Because I've decided to take a leave of absence to stay home with my boys. Right now it's for one year but I'm not convinced I will return for the 2013-2014 school year. But I'm not convinced I won't either.

Having a second child is So. Completely. Different. than having one. When I was home with my first I became antsy and bored with each passing week of maternity leave.  I suffered through/enjoyed each moment like everyone else, but I knew I needed to get back to the classroom. I had a hard time trying to do everything when I returned to work, but I'm not sure I have considered staying home as an option, or even "if only" option. At the time, my husband made less money, and we needed my paycheck.

Fast forward a few years, my hubs is making more money, I am at home with a 3 month baby and a 3 year old and we are all happy as clams. The 3 year old goes to preschool part-time, spends time with his grandparents on a weekly basis, and I get time with him to explore parks and playgrounds. (Our weather has been A-M-A-Z-I-N-G!) The laundry gets done, the house stays relatively clean, there are less to-do piles and clutter, and the grocery shopping gets done. Can I just express to you how wonderful it is to grocery shop mid-week? NO ONE IS AT THE STORE. I can't give that up.

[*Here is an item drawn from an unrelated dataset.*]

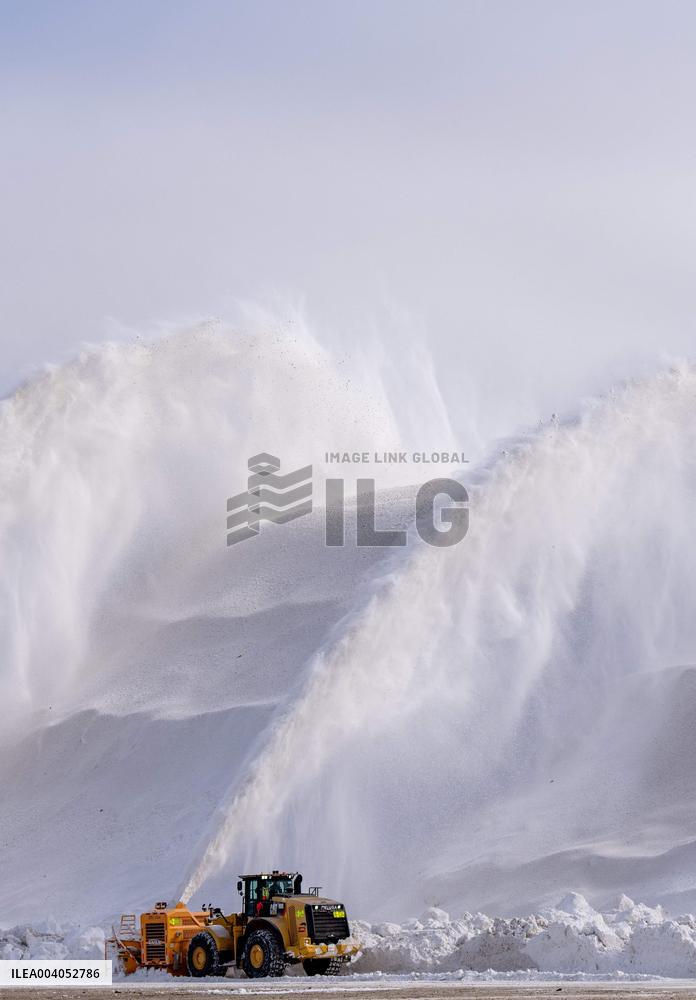 Angrignon Snow Deposit - Montreal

In all seriousness, a clean house and a peaceful grocery shop isn't enough to keep me home. It's the entire package. It's our quality of life.  We used to spend our weekends driving from errand to errand, then rushing home to make sure the boy got a good nap. We used to have a rule that we couldn't schedule more than one thing each weekend because it just became too much. We broke that rule all the time and spent many months just plain tired. Now we get to go do things as a family. We are enjoying our life.

I was thinking about all the teachers at our school the other day. I think we have around 30 - 35 classroom teachers give or take. I can count on one hand the number of classroom teachers that have more than one child. I think I can count 4, and one is out on maternity leave with twins and I know she'd rather stay home.

Why is that? We have many more two-kid-moms in non-classroom positions. Less stress? More flexibility? Is our school a typical snap-shot or are we different? Is being a classroom teacher not as family friendly as people assume?

Questions to chew on.

At any rate, this is my farewell post. Thanks for keeping up with the chaos that was my classroom. Best wishes to you all!

Wednesday, November 16, 2011

Putting on the brakes...

I've been watching so many kids - mostly boys - really struggle with being in kindergarten this year. They are overwhelmed, tired, and uncomfortable with the environment. They lash out in terrible ways.  I've been talking to classroom teachers, psychologists, special ed. teachers, and behavior specialists about it.  The common theme that runs through these conversations is, "I think they just need more time to play."

Tons of research has been done on the importance of play. Nothing new here. I just feel like we as a county and as a school have been speeding away from the concept. Test performance is taking over.

I also work for a county who is driven by data. The only way to get hard data is to test. The only way to test successfully is to prep. The only way to prep is to refocus free play on learning centers and tests with measurable outcomes.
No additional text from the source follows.